But you feel bad when you pick something and it’s not up to your standards. I know I do. I get overcome with this feeling of having been tricked into thinking all choices are up to my high standards, and it can be a bit depressing for me.

You blame yourself when you’re not happy with your choices

Raise your hand if you’ve ever been disappointed with a choice you made. You can’t see it, but I’ve got both of my own hands up. This happens to me all the time.

Barry Schwartz, who did a wonderful TED Talk on the paradox of choice about ten years ago, talked brilliantly about this. He said that when there’s only one choice available to us and it’s not great, we can blame the world for it. But when there’s more than one choice, we can only blame ourselves.

Why do we blame ourselves, you ask? Because more choices means that there’s no room for failure in picking something perfect. And if we don’t choose something perfect, then we must have made a mistake. We must have not looked thoroughly enough or paid well enough attention. This, too, is paralyzing.

Solutions

There are solutions for this choice paradox. While some of these may be difficult, as we live in a right now society, they will guide you towards making choices you are happy with.

Let go of the “all or nothing” thinking that plagues you

Have you heard of this thinking? It’s the mindset that tells us, look at all the choices you’ve got. Don’t settle. Aim higher. Take a look through everything, or you’ll miss out on a really great choice. You could have it all with so many choices or nothing.

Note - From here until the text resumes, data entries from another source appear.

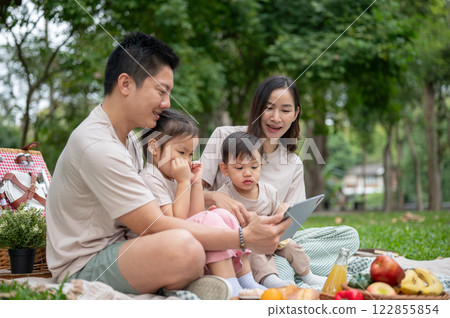 Asian parents are taking their kids on a picnic in a green park, watching a cartoon on a tablet. 122855854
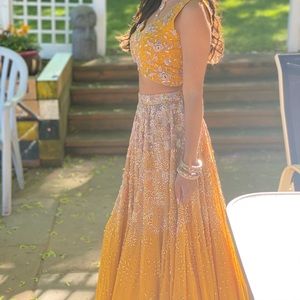 Beautiful mustard colored lengha from designer Shloka Khialani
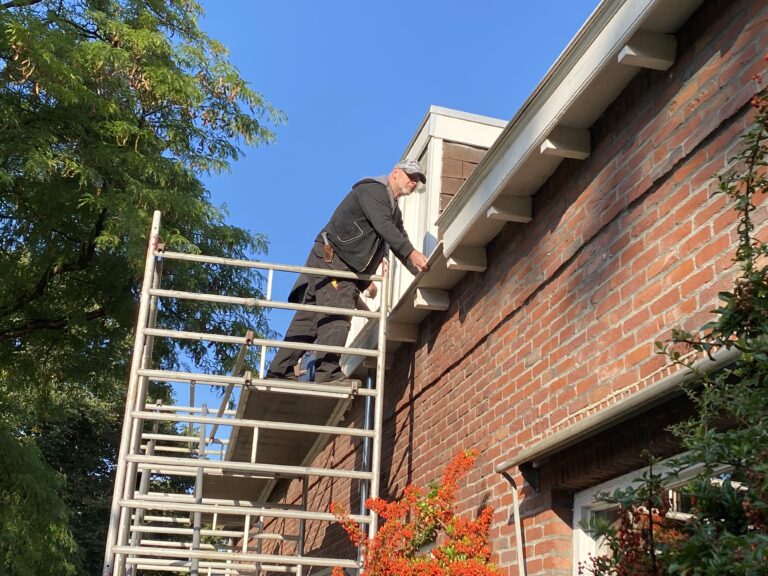 Vakman op steiger bezig met onderhoud aan een oud bakstenen huis.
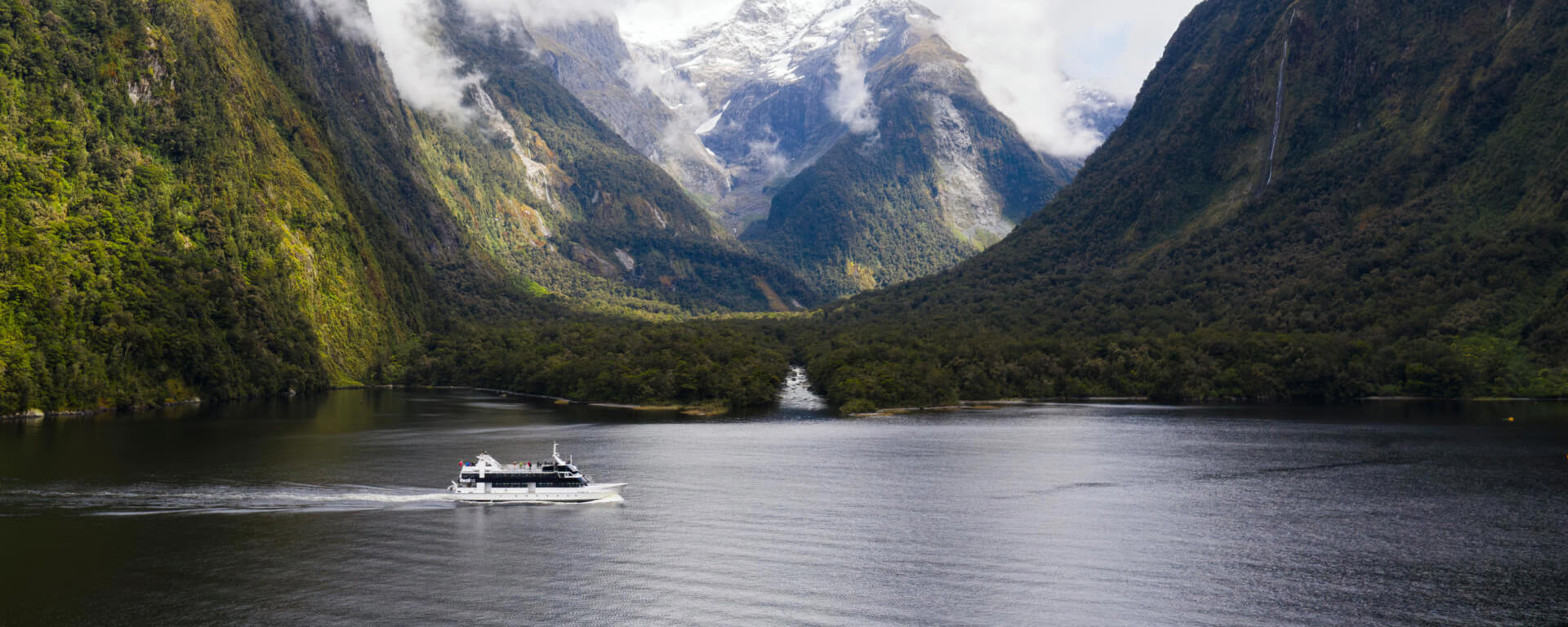 Wide shot of a vessel cruising in Milford Sound with snow covered mountains in the background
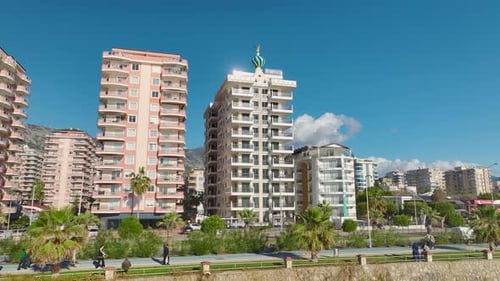Drone Footage in White Beachfront Building and Azure Sea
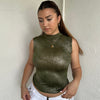 Woman Dressed in Y2K 00s Green and silver snake print tank top featuring a shimmering snake print throughout.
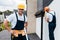 Focus of cheerful repairman standing with hands on hips and smiling near coworker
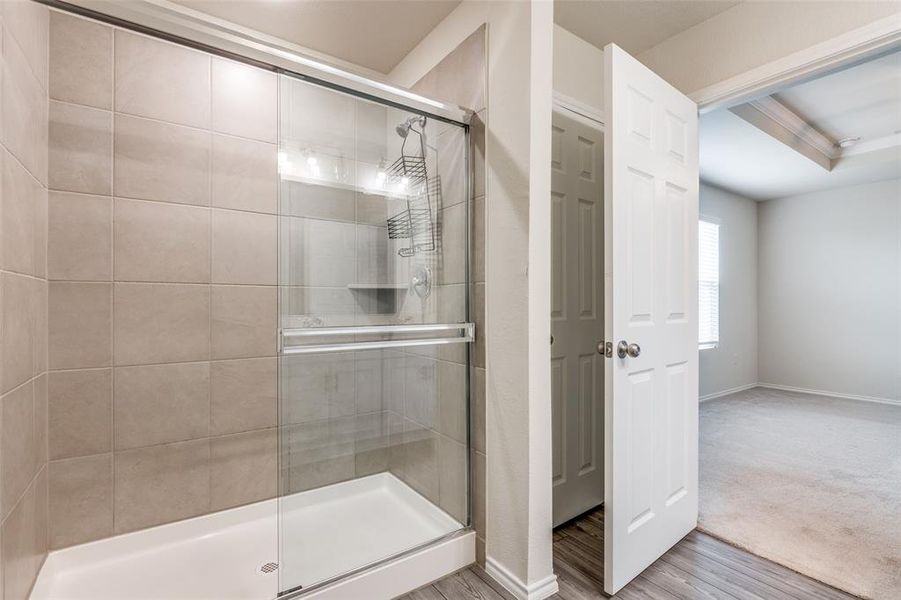 Bathroom featuring wood-type flooring, a raised ceiling, and walk in shower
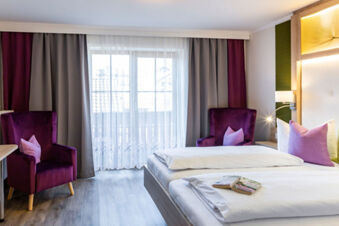 Modern eingerichtetes Doppelzimmer mit zwei Betten, lila Sesseln und gro&szlig;en Fenstern im Gasthof-Metzgerei St&ouml;berl.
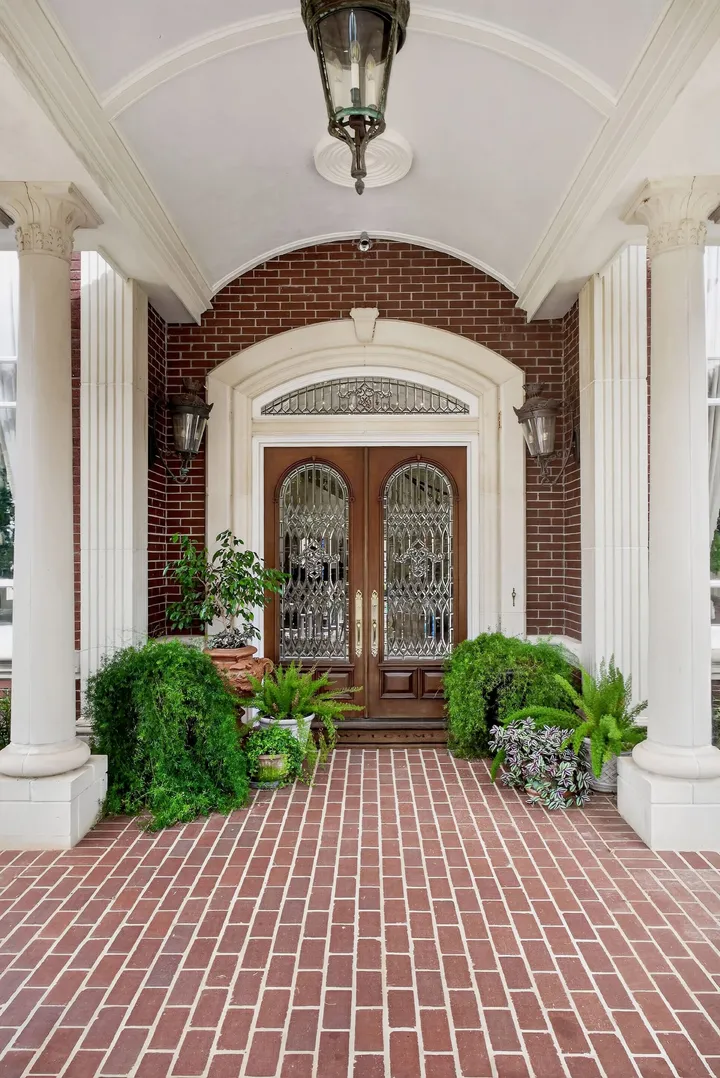 Brick-paved entry porch with columns and glass-panel double doors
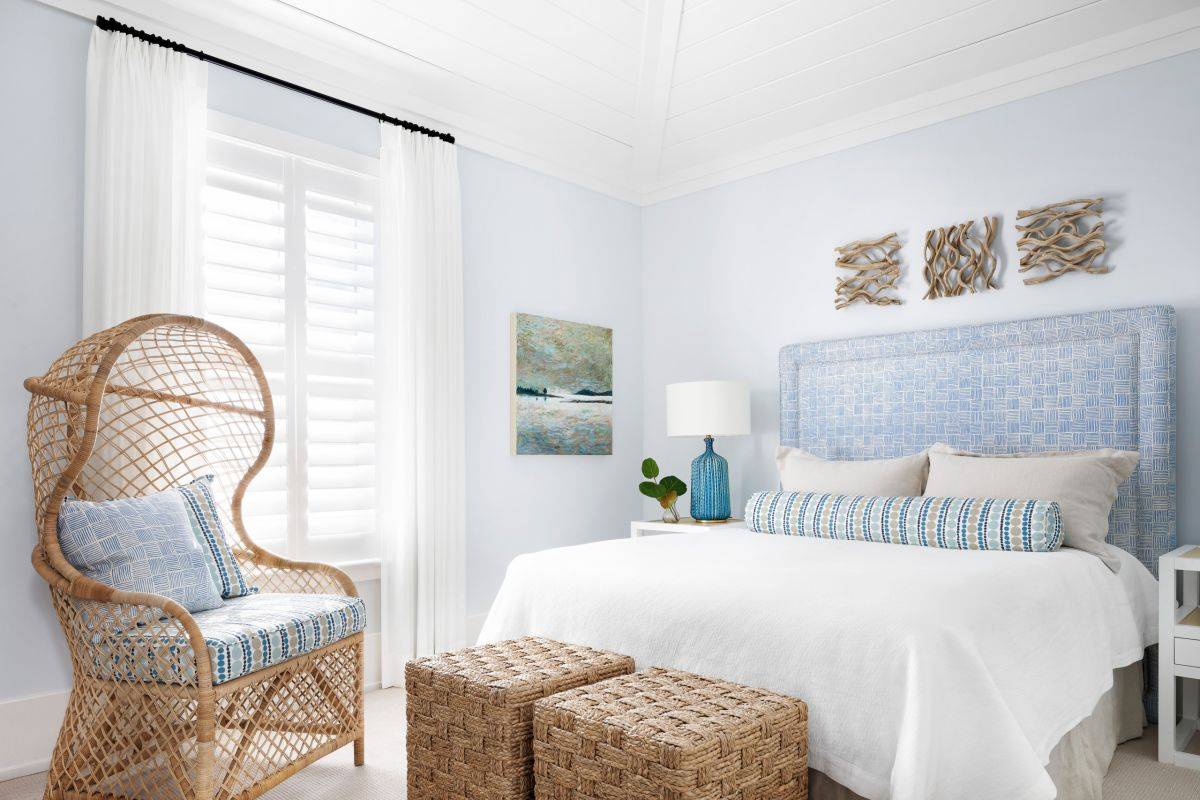 Rattan decor pices accentuate the beachy vibe in this white and light blue bedroom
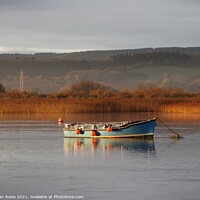 Buy canvas prints of Blue boat on the Exe Estuary in early morning winter sunlight by Joan Rosie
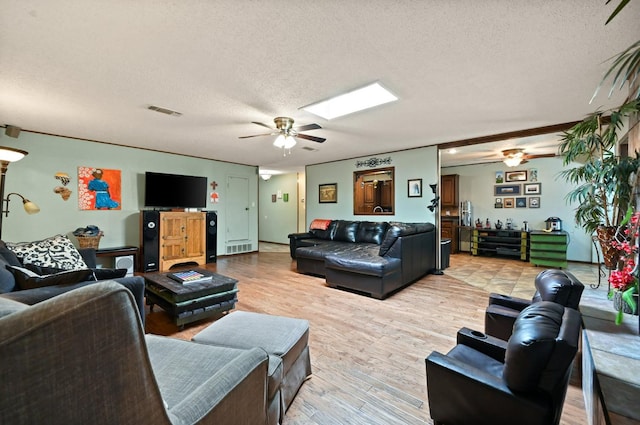 living room featuring ceiling fan, a skylight, light hardwood / wood-style flooring, and a textured ceiling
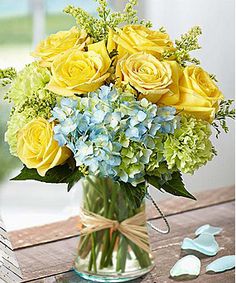 a vase filled with yellow roses and blue hydrangeas on top of a wooden table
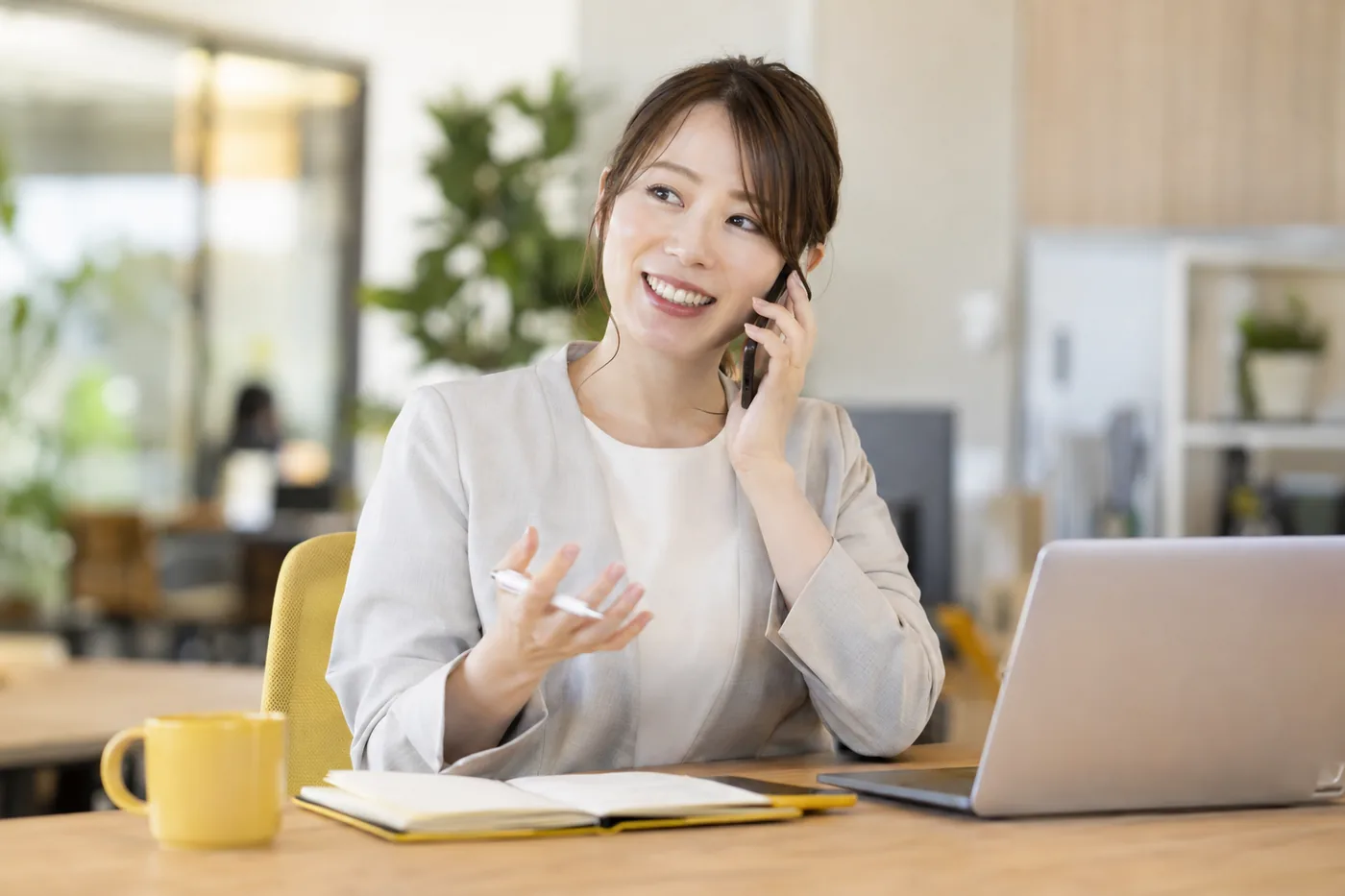 ノートを前に電話で説明する女性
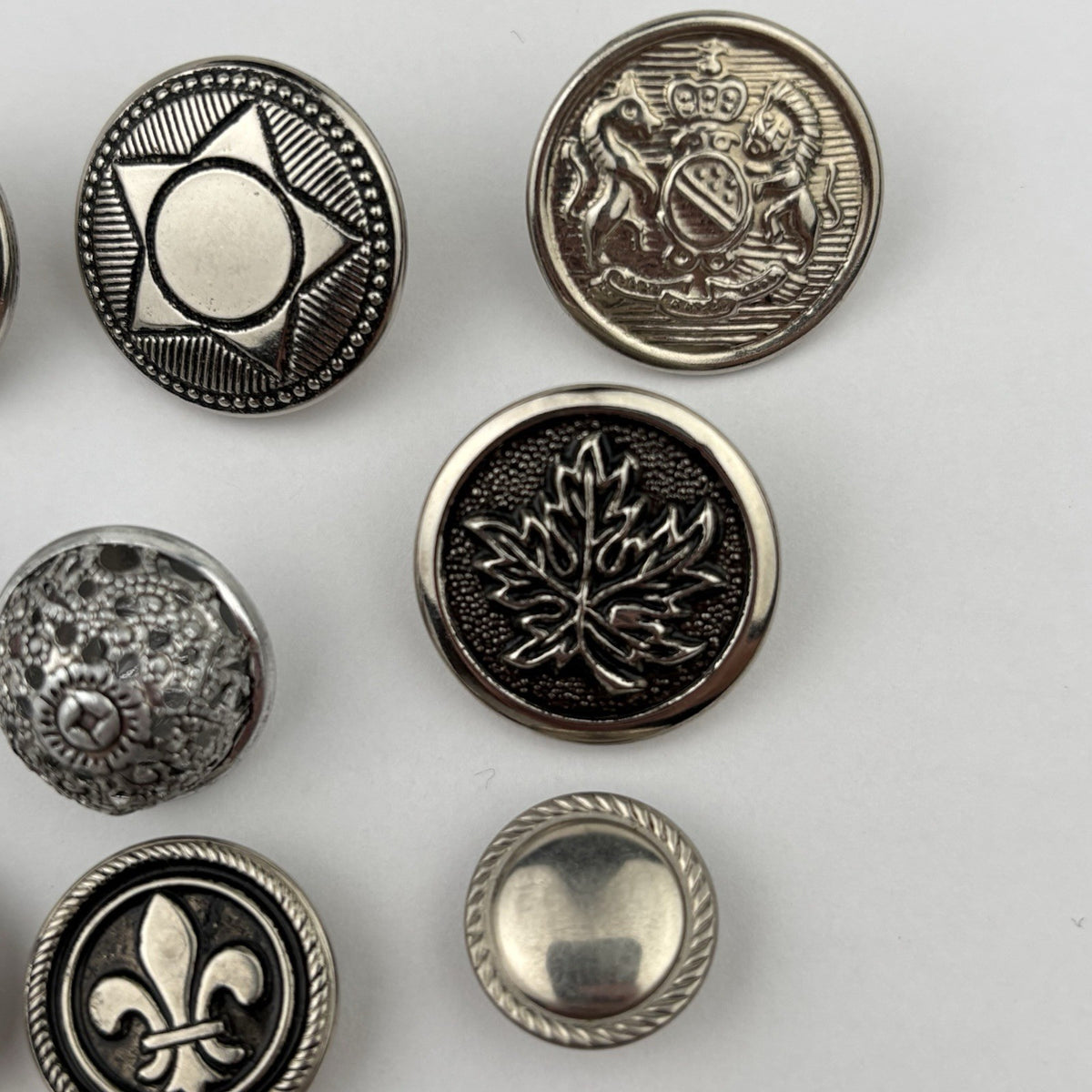 Vintage Silver Crest Button Lot – Fleur-de-Lis, Maple Leaf, Crown & Star, 15pcs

This isn’t true. Only you can decide what will make you happy. Choices can’t do that for you. So you know what you can do this thinking? Chuck it in the bin and relax. It doesn’t exist.

Have standards and stick to them

This one has worked wonders for me. I’m vegan, a minimalist, and I have ethical standards. All this together means that I’ve got fewer choices than most other people.

Why do I have less choices? Because I’ve narrowed down what I’ll accept into my life. If it doesn’t fit in with my standards, it’s not a choice.

Yes, this is quite a difficult one. I found it difficult when I came back to veganism and decided on buying ethical products, holidays, etc., but it has made a world of difference. I’m happier and generally less stressed since making this decision.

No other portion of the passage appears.